*** Block opens ***

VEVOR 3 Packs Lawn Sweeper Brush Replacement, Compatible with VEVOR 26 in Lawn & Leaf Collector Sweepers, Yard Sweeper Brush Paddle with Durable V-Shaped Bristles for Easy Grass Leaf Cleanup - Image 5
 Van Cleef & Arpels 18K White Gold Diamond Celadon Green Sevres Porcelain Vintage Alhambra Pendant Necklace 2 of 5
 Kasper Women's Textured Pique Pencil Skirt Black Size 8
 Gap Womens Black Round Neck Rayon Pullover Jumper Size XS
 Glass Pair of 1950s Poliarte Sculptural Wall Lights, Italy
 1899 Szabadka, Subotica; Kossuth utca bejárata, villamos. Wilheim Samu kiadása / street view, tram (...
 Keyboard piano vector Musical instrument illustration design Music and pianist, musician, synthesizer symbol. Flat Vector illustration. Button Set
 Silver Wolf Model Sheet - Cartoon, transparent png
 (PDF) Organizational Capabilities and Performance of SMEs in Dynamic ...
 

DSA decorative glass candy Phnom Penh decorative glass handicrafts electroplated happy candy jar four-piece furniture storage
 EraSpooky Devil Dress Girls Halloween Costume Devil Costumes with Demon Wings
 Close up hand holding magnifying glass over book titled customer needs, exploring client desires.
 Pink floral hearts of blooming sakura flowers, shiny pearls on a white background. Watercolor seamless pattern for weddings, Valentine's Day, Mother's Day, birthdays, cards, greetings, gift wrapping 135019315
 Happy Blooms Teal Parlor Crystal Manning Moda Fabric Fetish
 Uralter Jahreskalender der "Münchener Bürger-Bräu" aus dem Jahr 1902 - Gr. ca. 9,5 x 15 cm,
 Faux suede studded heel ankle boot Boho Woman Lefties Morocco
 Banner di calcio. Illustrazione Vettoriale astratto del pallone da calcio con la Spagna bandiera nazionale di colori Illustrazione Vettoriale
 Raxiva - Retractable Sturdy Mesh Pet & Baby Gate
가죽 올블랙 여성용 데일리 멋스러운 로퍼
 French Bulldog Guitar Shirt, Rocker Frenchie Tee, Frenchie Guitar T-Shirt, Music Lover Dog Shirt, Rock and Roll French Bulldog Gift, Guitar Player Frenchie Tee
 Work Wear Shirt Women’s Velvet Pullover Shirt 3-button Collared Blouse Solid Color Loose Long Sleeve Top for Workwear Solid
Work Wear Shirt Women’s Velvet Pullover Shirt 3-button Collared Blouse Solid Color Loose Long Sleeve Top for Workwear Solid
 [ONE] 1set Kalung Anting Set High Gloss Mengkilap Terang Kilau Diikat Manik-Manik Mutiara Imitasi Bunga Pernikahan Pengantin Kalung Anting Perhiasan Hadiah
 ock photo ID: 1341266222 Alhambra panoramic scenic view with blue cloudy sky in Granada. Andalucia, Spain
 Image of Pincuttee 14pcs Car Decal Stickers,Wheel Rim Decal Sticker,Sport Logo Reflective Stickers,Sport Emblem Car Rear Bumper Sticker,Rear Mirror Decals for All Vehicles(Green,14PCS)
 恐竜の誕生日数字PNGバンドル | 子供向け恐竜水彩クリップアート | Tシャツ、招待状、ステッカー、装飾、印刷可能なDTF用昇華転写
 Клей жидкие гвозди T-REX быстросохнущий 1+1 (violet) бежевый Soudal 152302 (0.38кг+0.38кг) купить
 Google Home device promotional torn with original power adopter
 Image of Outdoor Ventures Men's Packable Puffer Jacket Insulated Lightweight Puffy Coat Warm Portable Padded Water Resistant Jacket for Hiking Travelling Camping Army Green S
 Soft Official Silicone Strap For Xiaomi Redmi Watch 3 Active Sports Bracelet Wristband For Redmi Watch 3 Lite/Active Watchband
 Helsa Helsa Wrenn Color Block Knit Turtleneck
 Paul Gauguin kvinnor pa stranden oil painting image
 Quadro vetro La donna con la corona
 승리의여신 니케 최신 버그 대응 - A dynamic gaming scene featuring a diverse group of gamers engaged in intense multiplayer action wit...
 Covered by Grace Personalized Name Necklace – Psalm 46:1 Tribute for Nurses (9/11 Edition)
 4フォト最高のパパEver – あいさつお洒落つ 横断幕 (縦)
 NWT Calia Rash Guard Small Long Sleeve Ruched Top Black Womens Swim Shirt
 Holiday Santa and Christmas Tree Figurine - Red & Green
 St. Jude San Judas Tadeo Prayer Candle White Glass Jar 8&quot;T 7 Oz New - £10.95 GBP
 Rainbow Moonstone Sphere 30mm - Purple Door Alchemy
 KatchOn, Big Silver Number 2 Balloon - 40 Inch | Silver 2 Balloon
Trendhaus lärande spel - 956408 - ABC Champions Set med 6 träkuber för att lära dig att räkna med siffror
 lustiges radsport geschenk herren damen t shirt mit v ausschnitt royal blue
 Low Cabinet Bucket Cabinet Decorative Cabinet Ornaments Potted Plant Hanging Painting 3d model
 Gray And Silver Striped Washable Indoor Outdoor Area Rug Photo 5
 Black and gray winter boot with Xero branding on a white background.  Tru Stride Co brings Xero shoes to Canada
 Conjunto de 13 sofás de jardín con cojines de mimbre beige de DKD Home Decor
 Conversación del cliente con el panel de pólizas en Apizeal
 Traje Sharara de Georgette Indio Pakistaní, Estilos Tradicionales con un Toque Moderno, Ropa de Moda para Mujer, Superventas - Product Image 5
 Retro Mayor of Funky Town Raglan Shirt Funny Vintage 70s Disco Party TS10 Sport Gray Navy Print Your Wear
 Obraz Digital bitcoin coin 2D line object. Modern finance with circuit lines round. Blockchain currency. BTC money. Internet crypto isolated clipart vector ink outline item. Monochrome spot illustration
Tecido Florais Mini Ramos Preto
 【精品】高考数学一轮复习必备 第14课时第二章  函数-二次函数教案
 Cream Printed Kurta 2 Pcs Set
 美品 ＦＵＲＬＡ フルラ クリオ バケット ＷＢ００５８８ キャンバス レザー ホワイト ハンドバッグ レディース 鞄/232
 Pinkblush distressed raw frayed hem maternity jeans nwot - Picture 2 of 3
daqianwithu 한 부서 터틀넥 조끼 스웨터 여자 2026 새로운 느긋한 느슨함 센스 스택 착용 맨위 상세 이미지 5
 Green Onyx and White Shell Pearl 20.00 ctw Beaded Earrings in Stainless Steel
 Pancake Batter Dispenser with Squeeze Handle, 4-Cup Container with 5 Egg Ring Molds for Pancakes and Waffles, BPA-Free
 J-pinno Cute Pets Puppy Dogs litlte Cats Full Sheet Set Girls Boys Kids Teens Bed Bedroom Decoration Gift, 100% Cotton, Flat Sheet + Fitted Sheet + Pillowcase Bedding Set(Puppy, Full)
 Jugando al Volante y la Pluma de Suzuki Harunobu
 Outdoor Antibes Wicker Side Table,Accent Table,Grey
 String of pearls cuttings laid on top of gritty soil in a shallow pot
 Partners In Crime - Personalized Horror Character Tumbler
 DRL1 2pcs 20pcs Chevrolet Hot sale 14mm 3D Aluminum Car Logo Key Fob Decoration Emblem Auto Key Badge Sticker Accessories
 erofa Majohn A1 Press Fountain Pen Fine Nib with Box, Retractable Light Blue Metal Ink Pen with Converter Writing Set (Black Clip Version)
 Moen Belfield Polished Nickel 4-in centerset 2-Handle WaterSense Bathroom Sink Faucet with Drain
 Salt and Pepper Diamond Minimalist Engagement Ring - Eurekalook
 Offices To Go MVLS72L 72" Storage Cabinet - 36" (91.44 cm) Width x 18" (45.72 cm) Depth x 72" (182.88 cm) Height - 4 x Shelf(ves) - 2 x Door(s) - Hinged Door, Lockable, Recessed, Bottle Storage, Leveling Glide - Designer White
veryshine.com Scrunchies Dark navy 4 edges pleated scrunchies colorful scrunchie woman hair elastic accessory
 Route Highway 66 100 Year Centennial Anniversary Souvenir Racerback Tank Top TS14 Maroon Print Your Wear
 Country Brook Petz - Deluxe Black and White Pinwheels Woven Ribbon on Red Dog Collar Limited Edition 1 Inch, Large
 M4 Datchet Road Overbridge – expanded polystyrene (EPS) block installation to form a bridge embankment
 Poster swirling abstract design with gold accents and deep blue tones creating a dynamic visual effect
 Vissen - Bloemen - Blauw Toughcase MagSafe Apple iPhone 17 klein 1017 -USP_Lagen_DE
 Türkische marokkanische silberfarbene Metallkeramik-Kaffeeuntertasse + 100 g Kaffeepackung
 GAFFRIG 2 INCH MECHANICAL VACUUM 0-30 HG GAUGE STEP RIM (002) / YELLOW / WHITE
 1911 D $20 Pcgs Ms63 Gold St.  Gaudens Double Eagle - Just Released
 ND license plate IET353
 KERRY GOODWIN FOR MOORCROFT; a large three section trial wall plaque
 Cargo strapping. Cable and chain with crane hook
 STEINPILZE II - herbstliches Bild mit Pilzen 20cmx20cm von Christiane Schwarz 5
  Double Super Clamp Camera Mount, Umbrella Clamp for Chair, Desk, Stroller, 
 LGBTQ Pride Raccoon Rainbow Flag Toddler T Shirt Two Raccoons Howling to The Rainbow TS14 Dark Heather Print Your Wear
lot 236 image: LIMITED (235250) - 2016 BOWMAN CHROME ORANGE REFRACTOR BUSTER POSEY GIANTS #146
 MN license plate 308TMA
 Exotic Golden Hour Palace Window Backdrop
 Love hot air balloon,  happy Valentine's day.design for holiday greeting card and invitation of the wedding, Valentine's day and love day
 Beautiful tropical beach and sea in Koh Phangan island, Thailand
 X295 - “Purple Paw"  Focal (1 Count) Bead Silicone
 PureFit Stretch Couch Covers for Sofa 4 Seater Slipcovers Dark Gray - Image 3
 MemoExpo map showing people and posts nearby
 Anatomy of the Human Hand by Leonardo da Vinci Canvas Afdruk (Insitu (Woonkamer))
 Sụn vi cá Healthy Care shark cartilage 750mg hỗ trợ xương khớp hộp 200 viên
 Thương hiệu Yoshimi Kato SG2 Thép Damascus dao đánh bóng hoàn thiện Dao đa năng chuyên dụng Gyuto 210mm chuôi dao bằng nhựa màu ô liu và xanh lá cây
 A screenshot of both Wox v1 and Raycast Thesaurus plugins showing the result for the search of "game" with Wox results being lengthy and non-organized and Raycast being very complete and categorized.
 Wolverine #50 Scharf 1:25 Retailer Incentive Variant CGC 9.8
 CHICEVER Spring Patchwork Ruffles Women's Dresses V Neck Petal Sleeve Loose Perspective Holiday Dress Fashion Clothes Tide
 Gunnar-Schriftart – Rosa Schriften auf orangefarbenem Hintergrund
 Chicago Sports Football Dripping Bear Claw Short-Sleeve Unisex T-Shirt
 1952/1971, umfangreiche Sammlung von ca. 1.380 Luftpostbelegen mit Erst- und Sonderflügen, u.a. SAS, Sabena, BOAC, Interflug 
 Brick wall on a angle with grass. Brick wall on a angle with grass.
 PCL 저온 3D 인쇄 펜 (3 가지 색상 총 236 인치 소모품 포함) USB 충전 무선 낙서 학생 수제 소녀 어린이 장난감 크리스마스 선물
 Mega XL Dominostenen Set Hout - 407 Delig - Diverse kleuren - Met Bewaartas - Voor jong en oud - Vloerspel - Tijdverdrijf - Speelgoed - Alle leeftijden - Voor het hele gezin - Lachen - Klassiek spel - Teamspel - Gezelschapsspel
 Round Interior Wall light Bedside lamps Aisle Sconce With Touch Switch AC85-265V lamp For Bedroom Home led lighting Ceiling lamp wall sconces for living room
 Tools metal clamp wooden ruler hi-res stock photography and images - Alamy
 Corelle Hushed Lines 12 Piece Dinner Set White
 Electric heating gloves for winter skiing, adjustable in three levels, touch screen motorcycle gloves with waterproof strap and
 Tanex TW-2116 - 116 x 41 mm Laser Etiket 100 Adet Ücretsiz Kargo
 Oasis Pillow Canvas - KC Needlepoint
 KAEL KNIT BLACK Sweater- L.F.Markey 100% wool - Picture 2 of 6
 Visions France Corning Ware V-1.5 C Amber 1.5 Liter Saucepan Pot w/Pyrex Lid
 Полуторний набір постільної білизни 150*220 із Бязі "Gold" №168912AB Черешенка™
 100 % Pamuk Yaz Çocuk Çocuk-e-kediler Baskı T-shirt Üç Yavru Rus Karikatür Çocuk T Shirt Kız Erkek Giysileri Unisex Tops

*** Block closes ***

• WHAT THE EXERCISE ASKS: When you answer, output each line of the data exactly as given, from its first line up to and including the one with "DSA decorative glass".

• SOLVED PROBLEM:
VEVOR 3 Packs Lawn Sweeper Brush Replacement, Compatible with VEVOR 26 in Lawn & Leaf Collector Sweepers, Yard Sweeper Brush Paddle with Durable V-Shaped Bristles for Easy Grass Leaf Cleanup - Image 5
 Van Cleef & Arpels 18K White Gold Diamond Celadon Green Sevres Porcelain Vintage Alhambra Pendant Necklace 2 of 5
 Kasper Women's Textured Pique Pencil Skirt Black Size 8
 Gap Womens Black Round Neck Rayon Pullover Jumper Size XS
 Glass Pair of 1950s Poliarte Sculptural Wall Lights, Italy
 1899 Szabadka, Subotica; Kossuth utca bejárata, villamos. Wilheim Samu kiadása / street view, tram (...
 Keyboard piano vector Musical instrument illustration design Music and pianist, musician, synthesizer symbol. Flat Vector illustration. Button Set
 Silver Wolf Model Sheet - Cartoon, transparent png
 (PDF) Organizational Capabilities and Performance of SMEs in Dynamic ...
 

DSA decorative glass candy Phnom Penh decorative glass handicrafts electroplated happy candy jar four-piece furniture storage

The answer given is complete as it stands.